An electronic payment app that allows people to pay for goods and services in gold has been launched by fintech firm Glint.

Released Monday, the app — also called Glint — allows users to link a Mastercard credit card to their phone, which then lets them buy physical gold bullion that is stored in a Swiss vault.

Jason Cozens, the company's chief executive and co–founder, said Monday that quantitative easing policy and the collapse of some banks have made many realize that traditional accounts are not a risk-free option.

"Since the financial crisis people are starting to understand that purchasing power of their money isn't safe," he said.

On its website, Glint says that once either a currency or gold is linked to a Mastercard, customers can buy "anything from a coffee to a car." The company adds that users can also select the precious metal to make peer-to-peer payments.

Cozens valued the gold market at $8 trillion and said people would be surprised by how many people are keen to hold or spend gold.

He added that the app was originally aimed at wealthy people looking to store their wealth outside of the banking system, but research showed that there was interest across the financial spectrum.

"Look at a student who grew up during the financial crisis.

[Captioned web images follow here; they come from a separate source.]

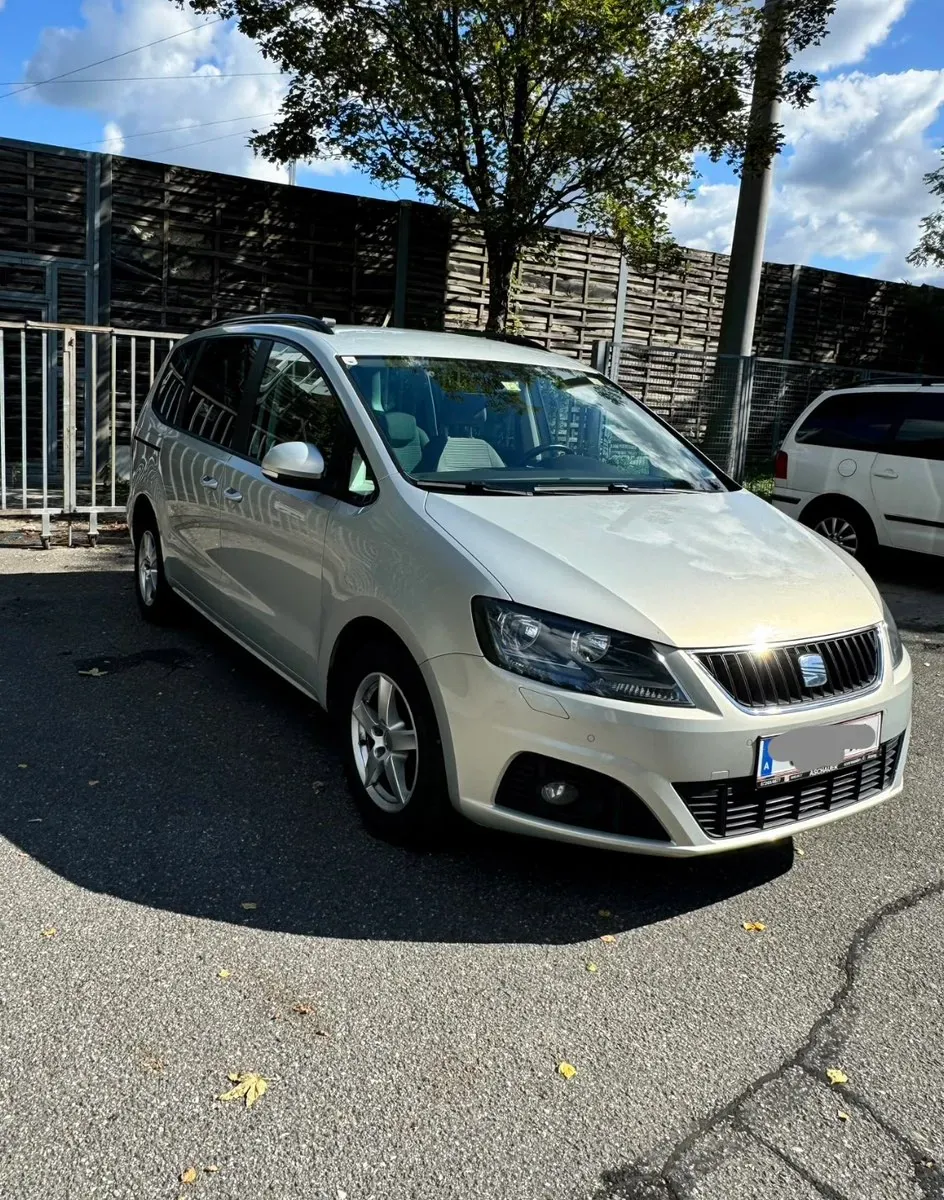 Seat Alhambra 2011 photo 2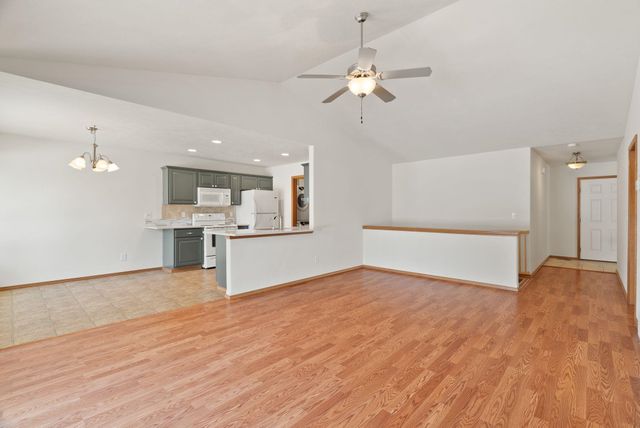 1925 N Coach Dr, Spokane Valley, WA 99016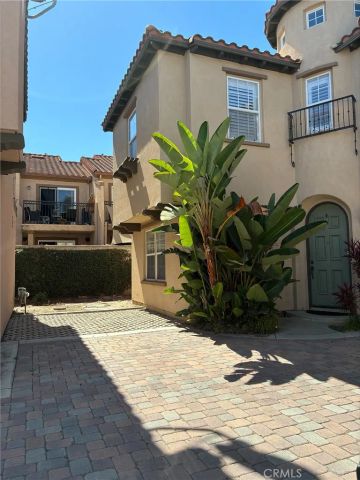 7675 Timber Circle, Huntington Beach, CA 92648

They have a mindset that says they believe in independence about savings," he said.

Cozens said he expected the app to prove particularly popular in India and Germany.

Over the next few months, Glint will also allow users to hold and spend funds in a variety of different currencies, each stored in a U.K. bank.

Users can check exchange rates on their phone before selecting which currency or what amount of gold they will use to make a purchase.

The app was launched in Europe on Monday and will be rolled out in Asia and the U.S. next year. Early investors include a former CEO of the World Gold Council as well as a former chairman of Goldman Sachs in Asia.

The price of gold has risen about 12 percent in value this year and currently sits at just below $1,300 an ounce.